#### Available data ####

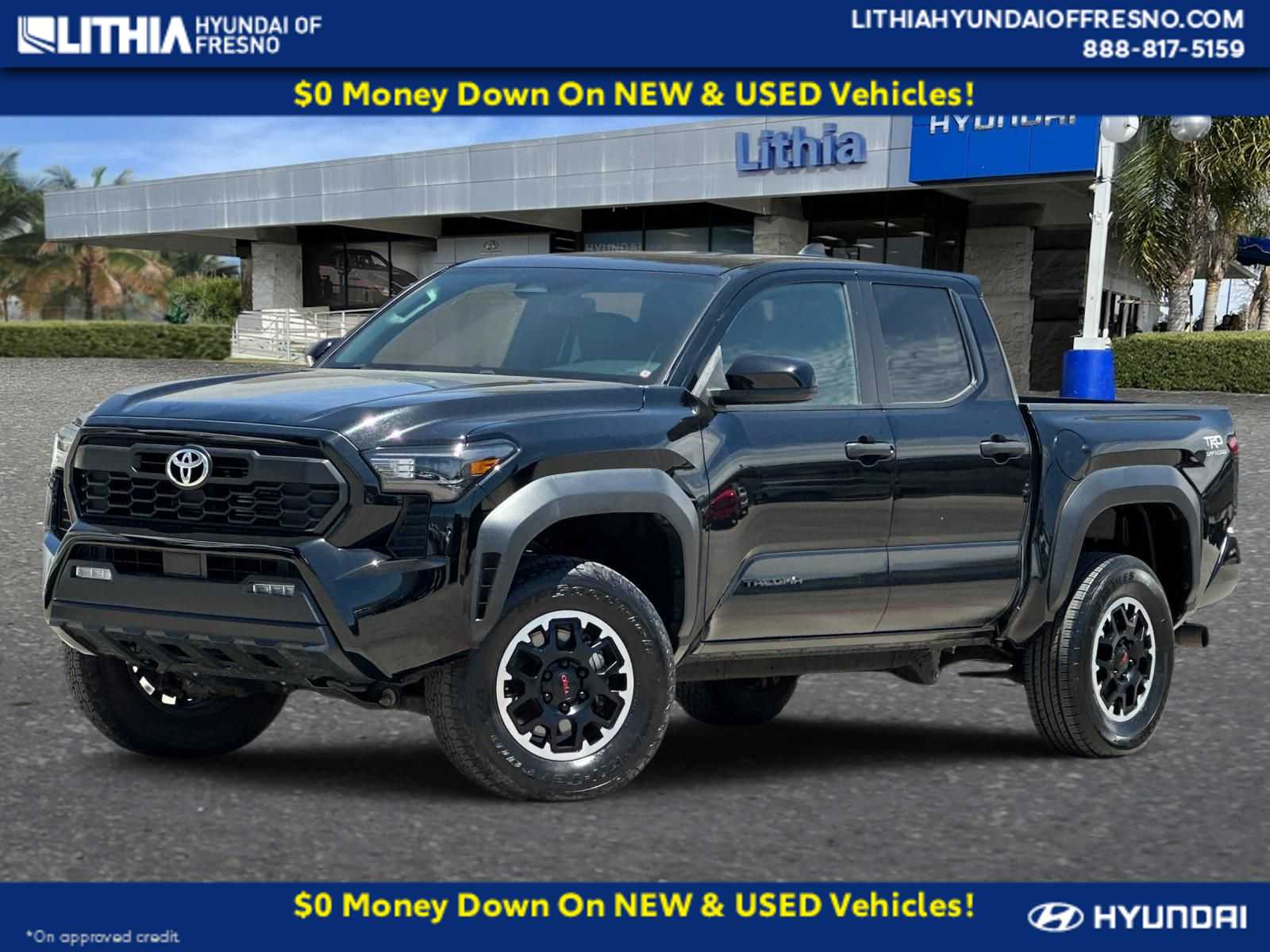Black 2024 Toyota Tacoma Pickup Truck Four-Wheel Drive 8-Speed Automatic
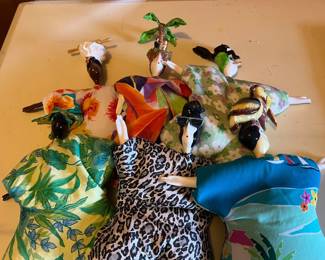 A sample of the Franch  Poupee Millett Doll Collection..we have many more...pick out one or two that relate to a relative or friend....great gifts...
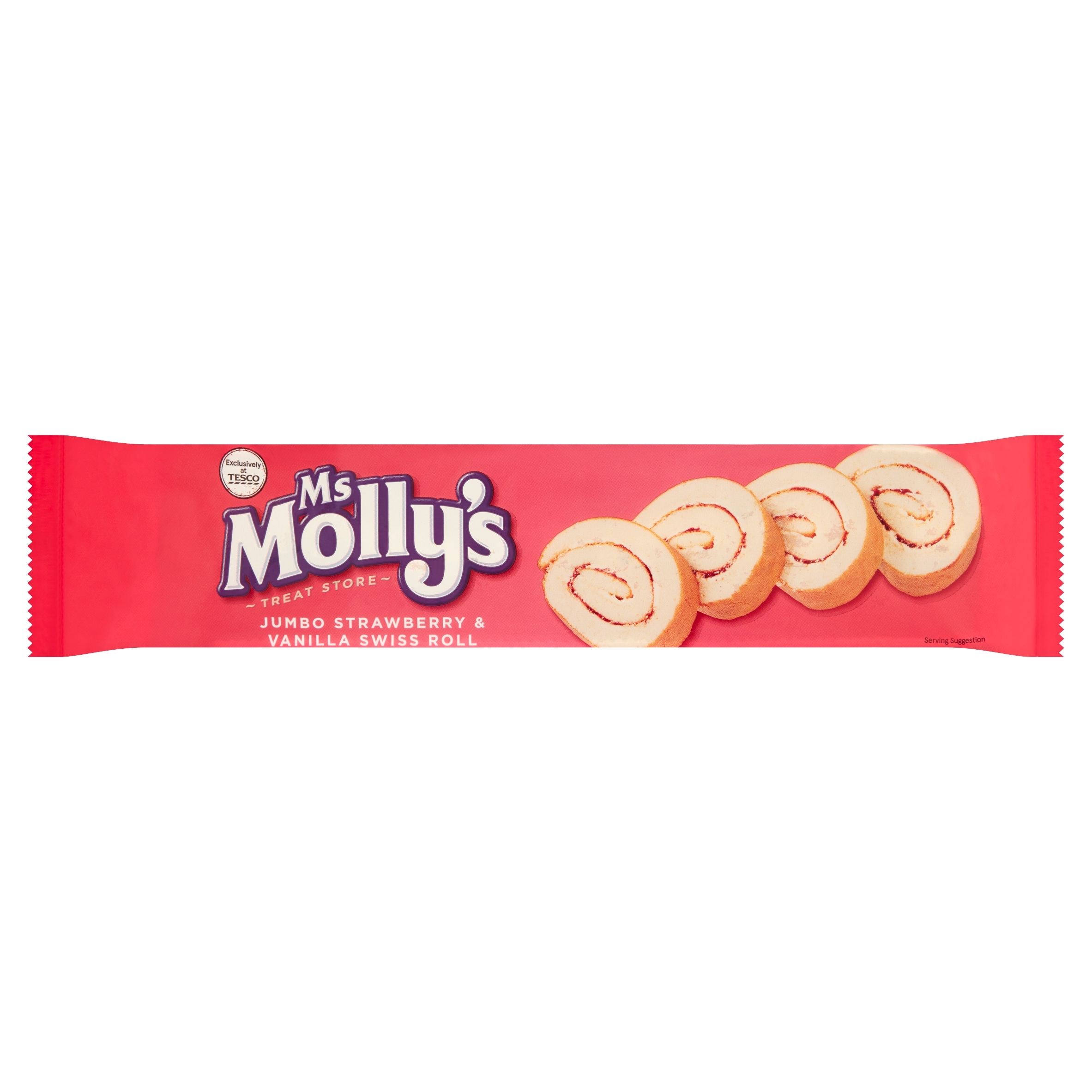 Ms Molly's Jumbo Strawberry & Vanilla Swiss Roll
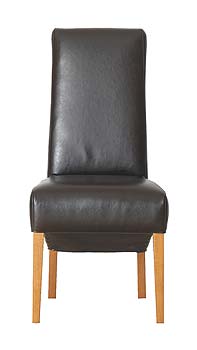 Morris Furniture Midas Padded Leather Dining Chair - WHILE STOCKS LAST!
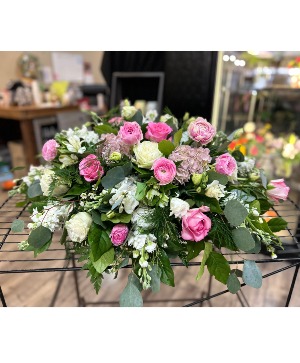 Casket Spray with Ranunculus 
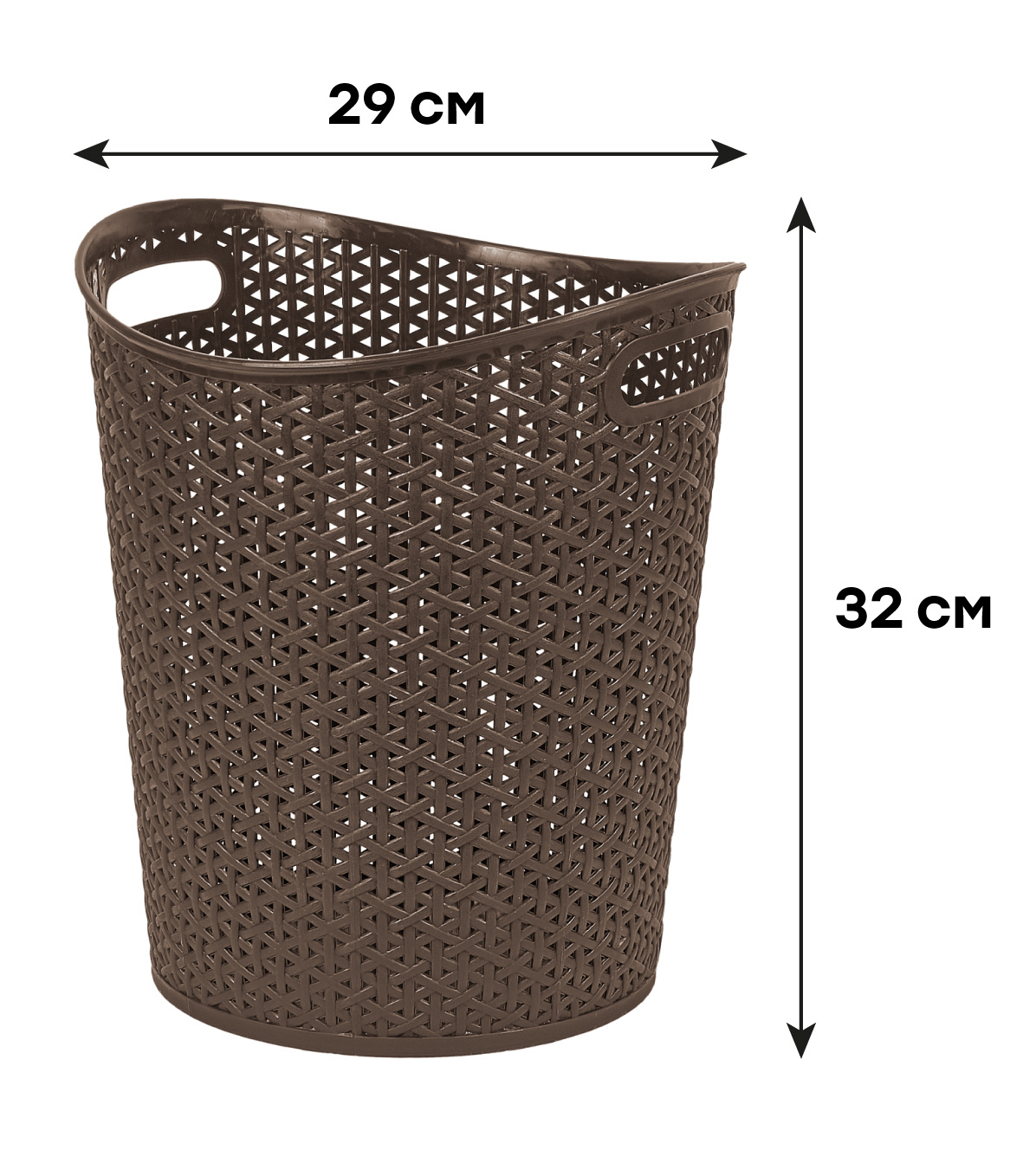 Изображение товара Корзина для бумаг Svip Soul 13 л венге стильный бытовой контейнер для отходов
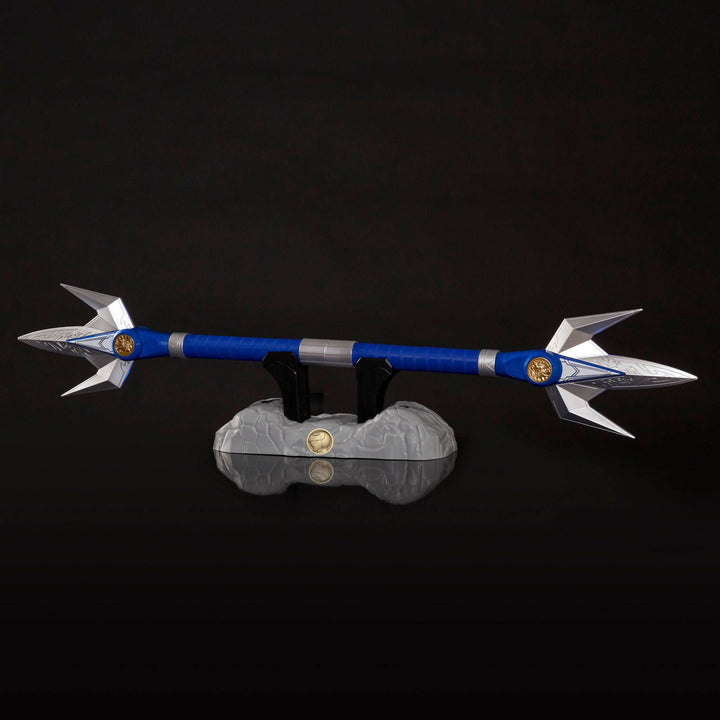 Power Rangers Lightning Collection Mighty Morphin Blue Ranger Power Lance Roleplay Collectible Cosplay, Infinity Collectables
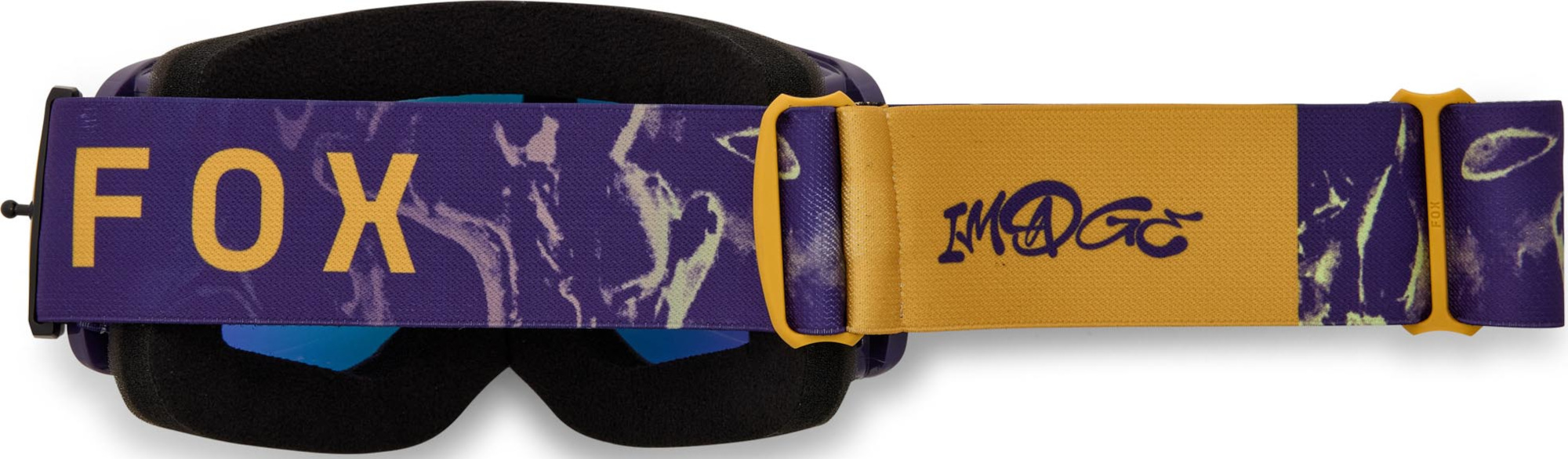 FOX Main Image Print Ochelari de motocross mov/galben Figura 2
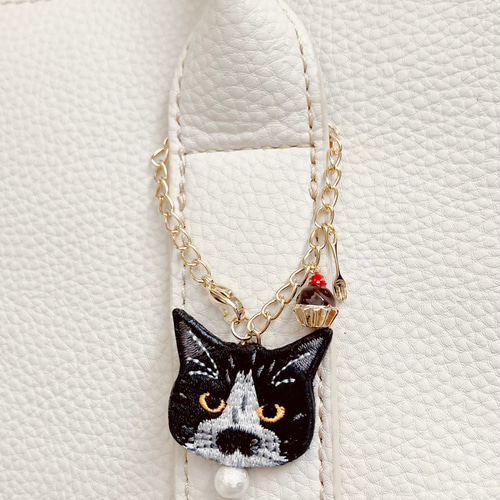 BLACK CAT HANDBAG with CHARM SET 黒猫ハンドバッグ チャーム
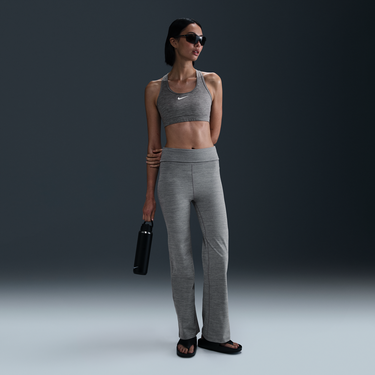 Tielko Nike Nike One Dri-FIT High-Waisted Foldover Training Pants Šedá | FV7848-084, 1
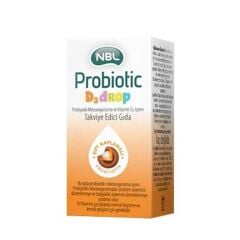 NBL Probiotic D3 Drops - Probiyotik Vitamin D3 Damla 7.5ml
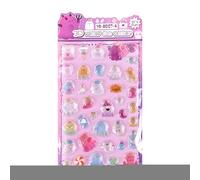 Cartoon 3D Stickers, Animal Aesthetic Decals, Character Labels, Eye Catching Design Visual Depth Appeal, Self Adhesive PVC Paper Finish, Use for Laptop Phonecase Skateboard Journaling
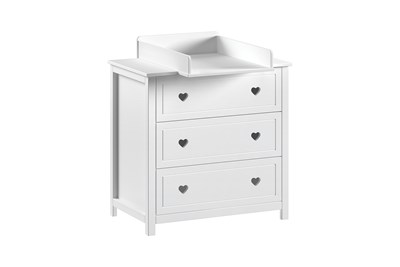 Chambres complètes-Combinaison de chambre d'enfant Amori 4-blanc-Vipack-mailleux-5
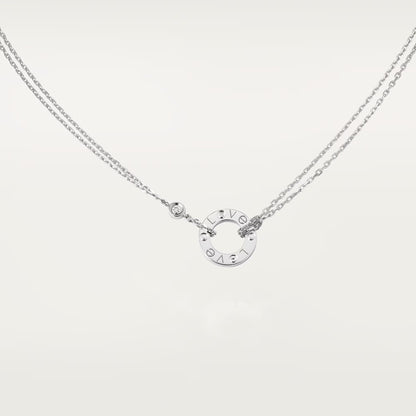 [Luxe Jewelry]LOVE NECKLACE 16MM 2 DIAMONDS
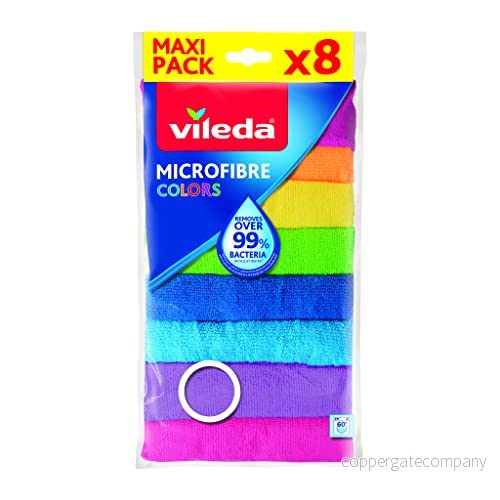 Vileda 4023103185975, Polyamid, Polyester, Multifärg, Hand/machine washing, 8 styck 4023103185975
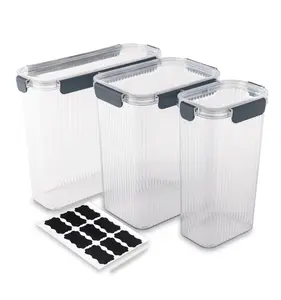 8 Piece Pantry Storage Container Set, Blue Boxes Kitchen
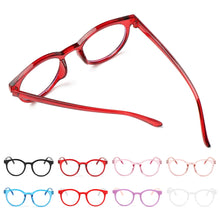 Round Anti-blue Light Eyeglasses Ultra Light Frame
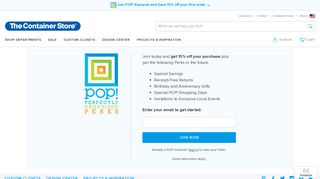 POP! | Container Store Rewards & Discounts Program | The Container ...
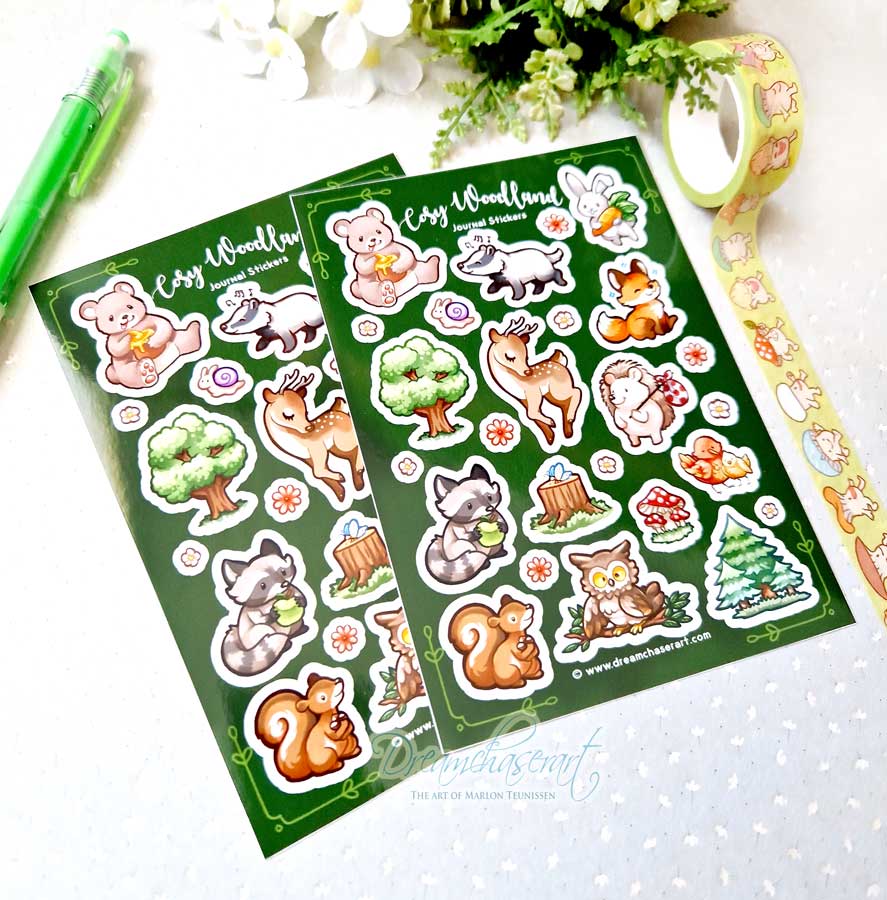 Woodland Creatures Sticker Sheet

####

:: About this task ::
Print the records exactly and omit all pictures.

:: Exercise solution ::
Black 2024 Toyota Tacoma Pickup Truck Four-Wheel Drive 8-Speed Automatic
 A sample of the Franch  Poupee Millett Doll Collection..we have many more...pick out one or two that relate to a relative or friend....great gifts...
 Ms Molly's Jumbo Strawberry & Vanilla Swiss Roll
 Morris Furniture Midas Padded Leather Dining Chair - WHILE STOCKS LAST!
 Casket Spray with Ranunculus 
 Изображение товара Корзина для бумаг Svip Soul 13 л венге стильный бытовой контейнер для отходов
 Power Rangers Lightning Collection Mighty Morphin Blue Ranger Power Lance Roleplay Collectible Cosplay, Infinity Collectables
 FOX Main Image Print Ochelari de motocross mov/galben Figura 2
 BLACK CAT HANDBAG with CHARM SET 黒猫ハンドバッグ チャーム
 Tielko Nike Nike One Dri-FIT High-Waisted Foldover Training Pants Šedá | FV7848-084, 1
 NBL Probiotic D3 Drops - Probiyotik Vitamin D3 Damla 7.5ml
 Cartoon 3D Stickers, Animal Aesthetic Decals, Character Labels, Eye Catching Design Visual Depth Appeal, Self Adhesive PVC Paper Finish, Use for Laptop Phonecase Skateboard Journaling
 Chambres complètes-Combinaison de chambre d'enfant Amori 4-blanc-Vipack-mailleux-5
 [Luxe Jewelry]LOVE NECKLACE 16MM 2 DIAMONDS
 Vileda 4023103185975, Polyamid, Polyester, Multifärg, Hand/machine washing, 8 styck 4023103185975
 8 Piece Pantry Storage Container Set, Blue Boxes Kitchen
 Round Anti-blue Light Eyeglasses Ultra Light Frame
 POP! | Container Store Rewards & Discounts Program | The Container ...
 Woodland Creatures Sticker Sheet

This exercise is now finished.